Creating an Google Cloud Storage (GCS) Write Connector

Prerequisites:

Access credentials
Data location on Google Cloud Storage
Partition column from upstream, if applicable

Specify the Upstream and GCS path

📘
Suggestion
For optimal performance ensure the upstream transform is partitioned.

Location

GCS Write Connectors have location settings comprised of:

Bucket: The GCS bucket name, e.g. my_data_bucket. Do not put in any folder information in this box.
Object Prefix: The GCS folders hierarchical prefix, e.g. good_data/my_awesome_table. Do not include any leading forward slashes.
Partition Folder Pattern: The folder pattern that will be generated based on the values from the upstream partition column, e.g. you can use {{at_hour_ts(yyyy-MM-dd/HH)}} where column at_hour_ts is a partition column from the upstream transform.

❗️
Warning
Any data that is not being propagated by the upstream transform will automatically be deleted under the object prefix.
For example; if the write connector produces three files A, B and C in the object-prefix and there was an existing file called output.txt at the same location Ascend will delete output.txt since Ascend did not generate it.

Manifest file (optional)

If selected a manifest file is generated or updated every time the Write Connector gets Up-To-Date and will contain a list of file names for all data files that are ready to be consumed by downstream applications. To create a Manifest File, specify the full path, including the file name, for where the Manifest File should get created at, as well as whether this should be a CSV or a JSON file.

🚧
Important
Make sure the Manifest File is located under the same folder as the data files.
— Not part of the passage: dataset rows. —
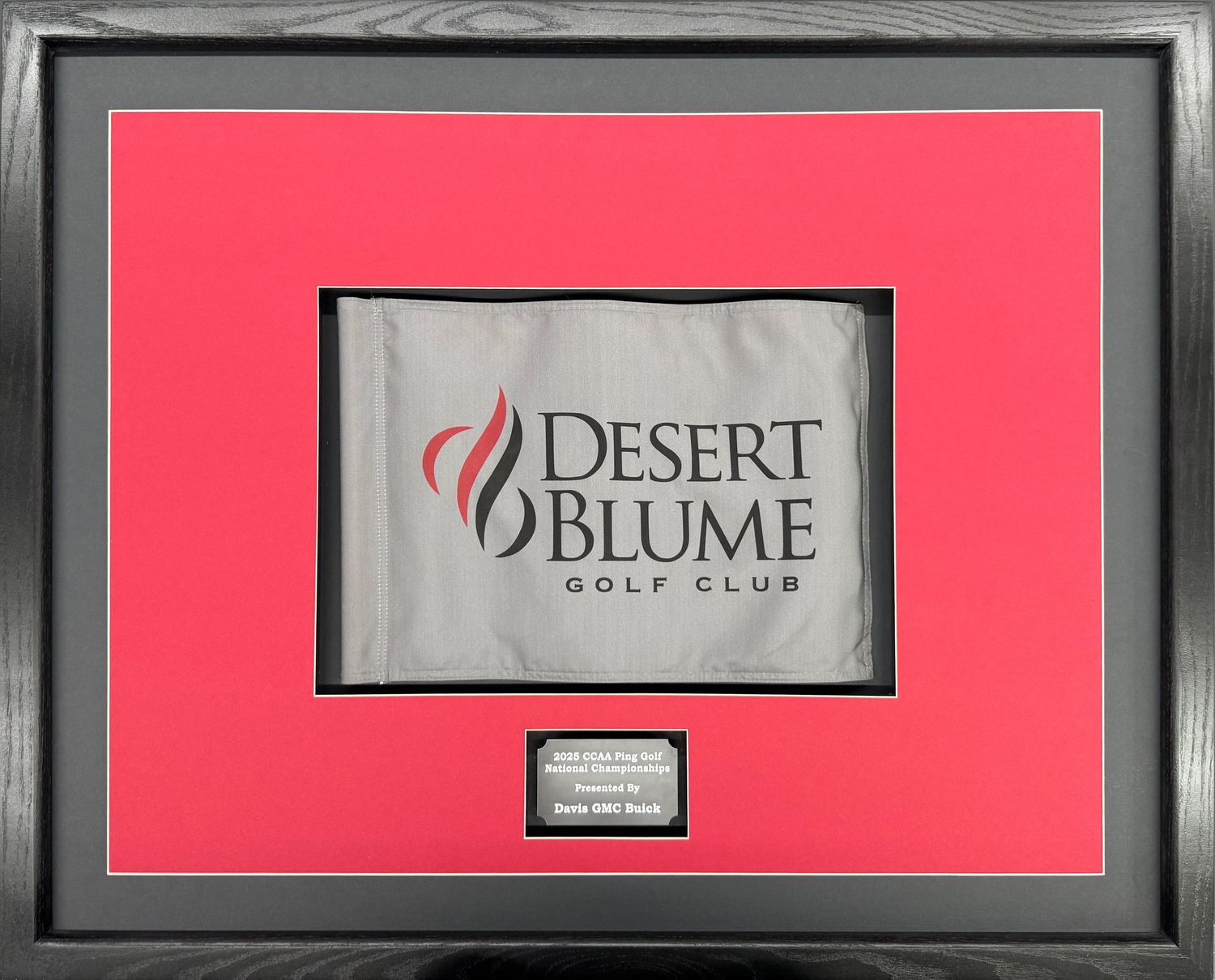Framed Desert Blume Golf Club pin flag mounted on red matting in black frame with engraved nameplate.
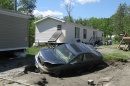 car in sinkhole by mobile home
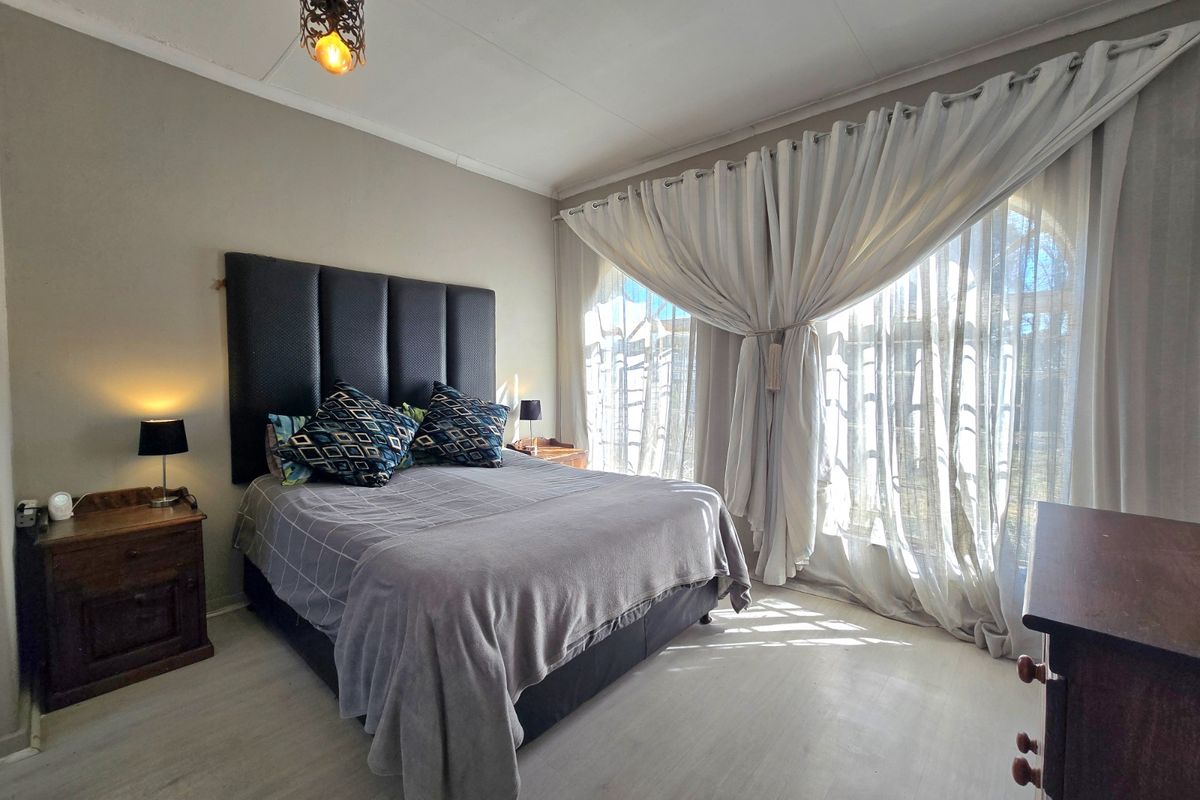 A well-lit bedroom featuring light-toned laminate flooring, neutral wall finishes, and a large window dressed with floor-to-ceiling curtains.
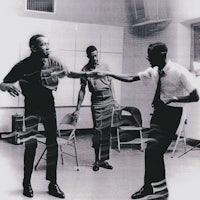 a group of men are dancing in a room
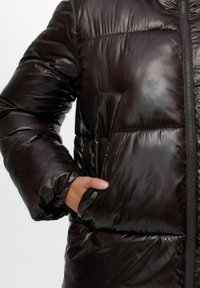 Tumepruun puffer-jakk, millel on särav viimistlus, varustatud lukuga ja esikoti näidikuga. Kude on sile, kergelt peegeldava tekstuuriga.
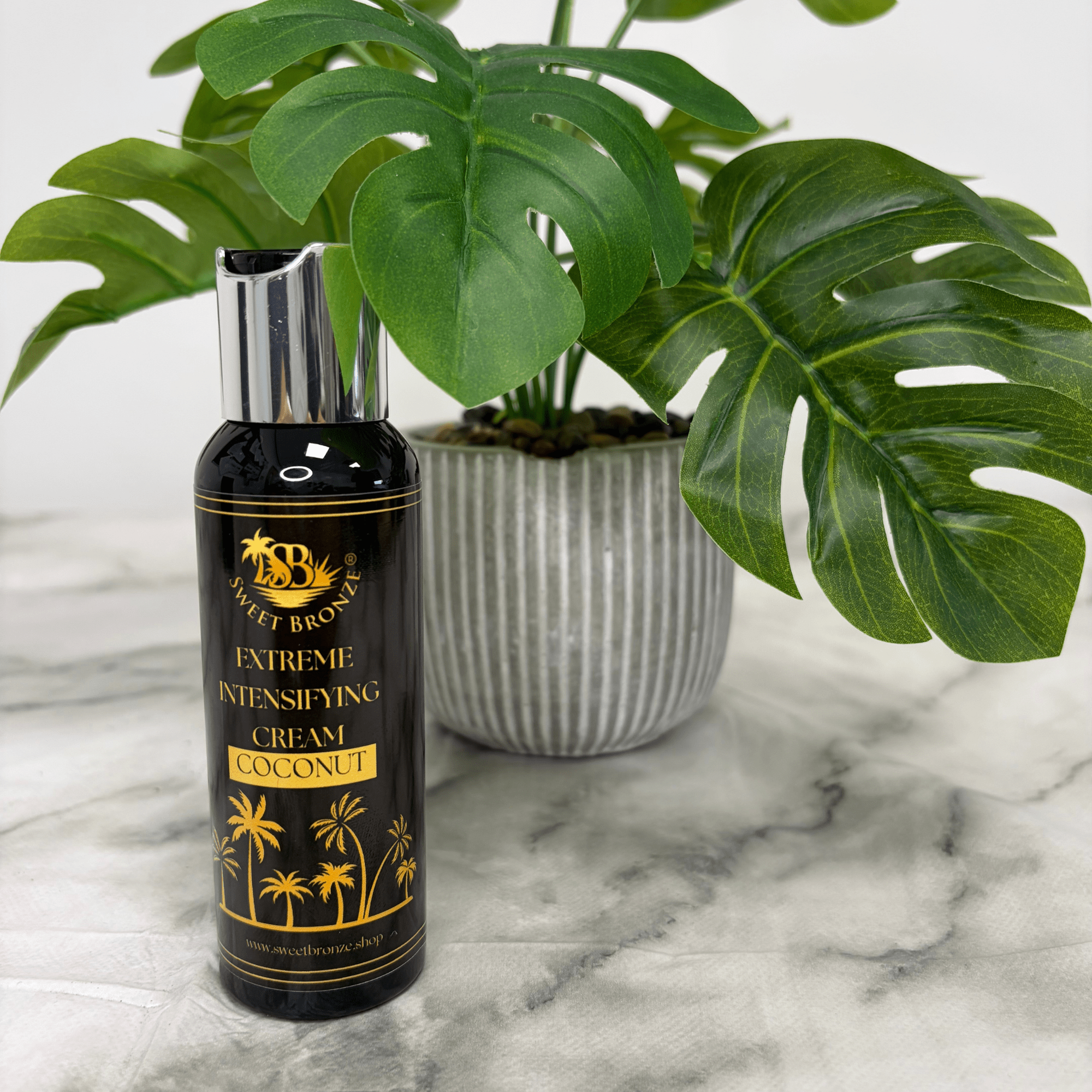Black bottle of 'Extreme Intensifying Cream Coconut' on a marble surface with a plant in the background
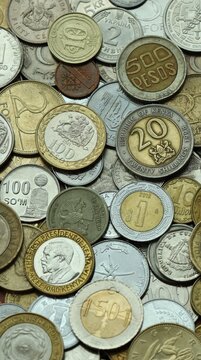 Large amount of different coins from various money currencies. Treasure and numismatics concept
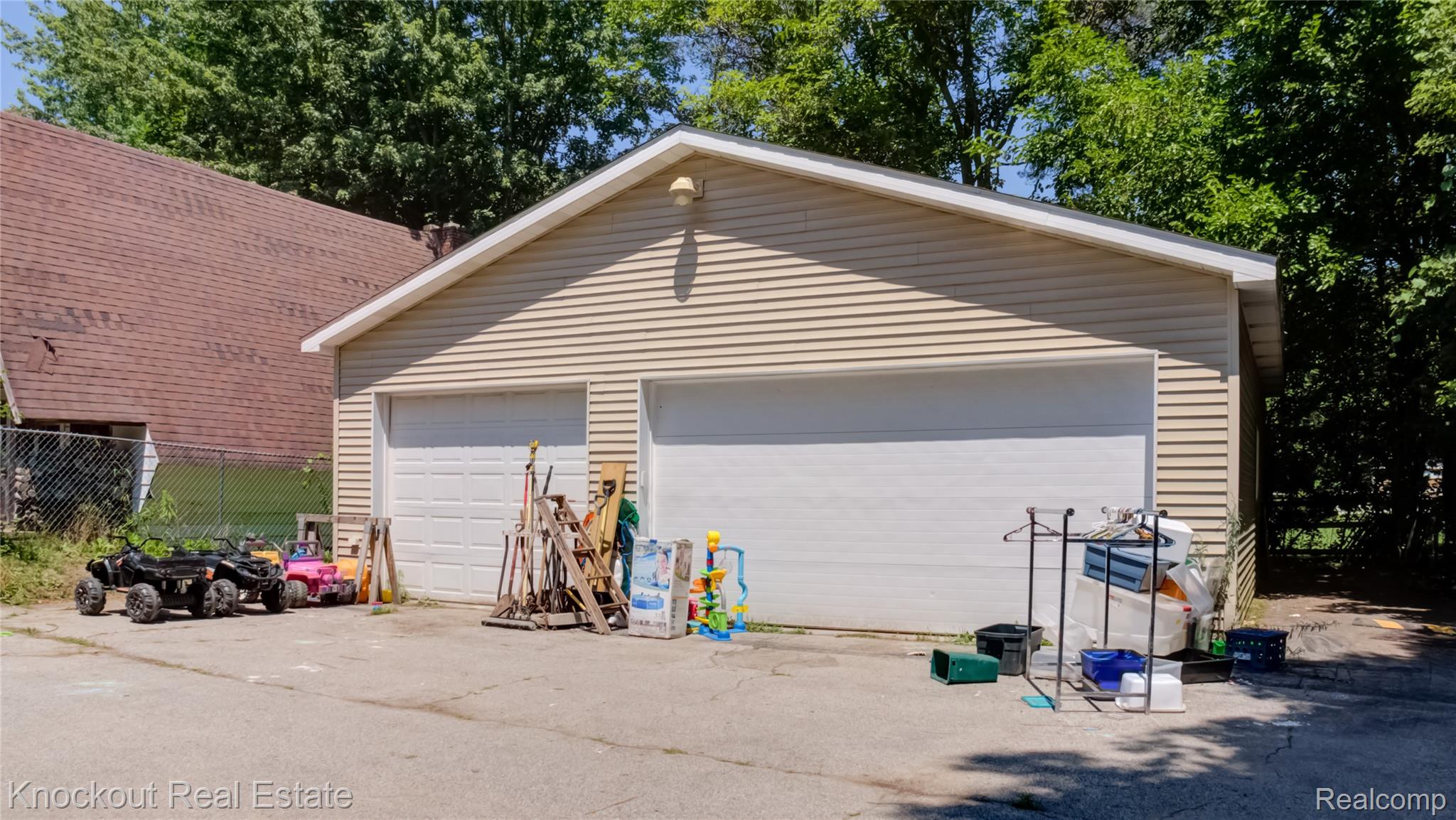 4195 Williamson Road Saginaw, MI 48601 - Photo 50 of 50 Detached two-car garage featuring horizontal vinyl siding, two panel garage doors, and an exterior light fixture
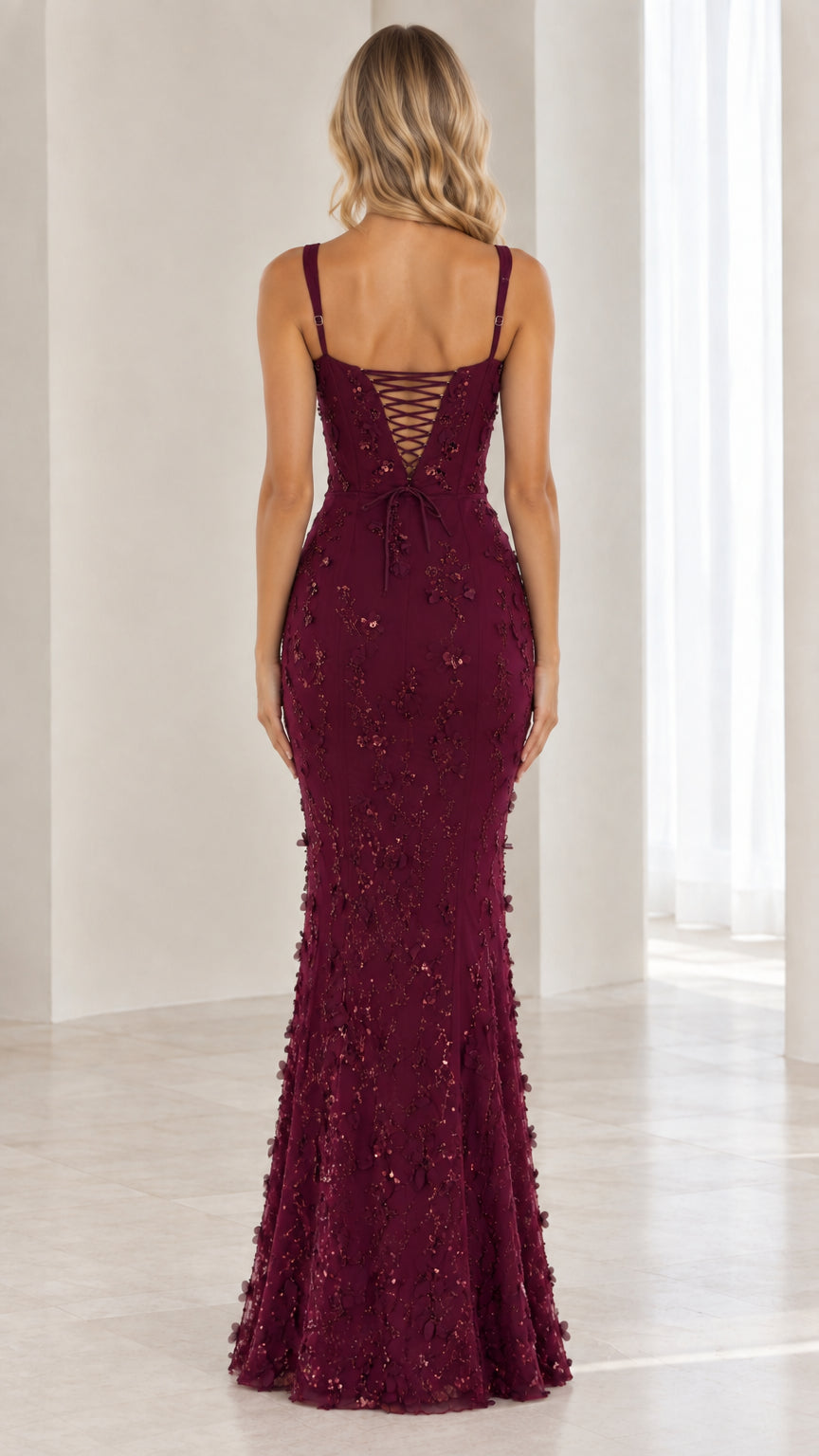 Back view of burgundy formal dress showcasing lace-up corset detail and mermaid flare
Google Cloud Storage Credentials

Enter the JSON key for the service account which has Storage Admin and Storage Object Admin for the GCS path. Refer to Google documentation for more details on GCS authentication.

🚧
Storage API
We relied on the Google Storage API to write into GCS locations. As a result, we require the Storage API to be enabled. This should be enabled by default in the GCP but in case it's not, user can enable it by going to https://console.developers.google.com/apis/api/storage-api.googleapis.com/overview?project={your gcp id} to enable this API.

Testing Connection

Use Test Connection to check whether all GCS permissions are correctly configured.

Selecting a formatter

JSON, Parquet and XSV data formats are supported for S3 and GCS write connectors.

XSV formatter: Supports 3 different delimiters and 9 different line terminators and allows specifying whether a Header Row should be included. The XSV generated is RFC4180 compliant.

🚧
Important
The XSV Formatter will NOT replace newline characters within values. Replace newline characters in the upstream transform if you require XSV files to contain only single line records.

JSON formatter: Will generate a file where each line in the file is a valid JSON object representing one data row from upstream.

🚧
Important
The JSON Formatter will automatically replace new line characters in column values to \n in order to guarantee the JSON file has single line records.

Parquet formatter: Will apply snappy compression automatically to the output files automatically.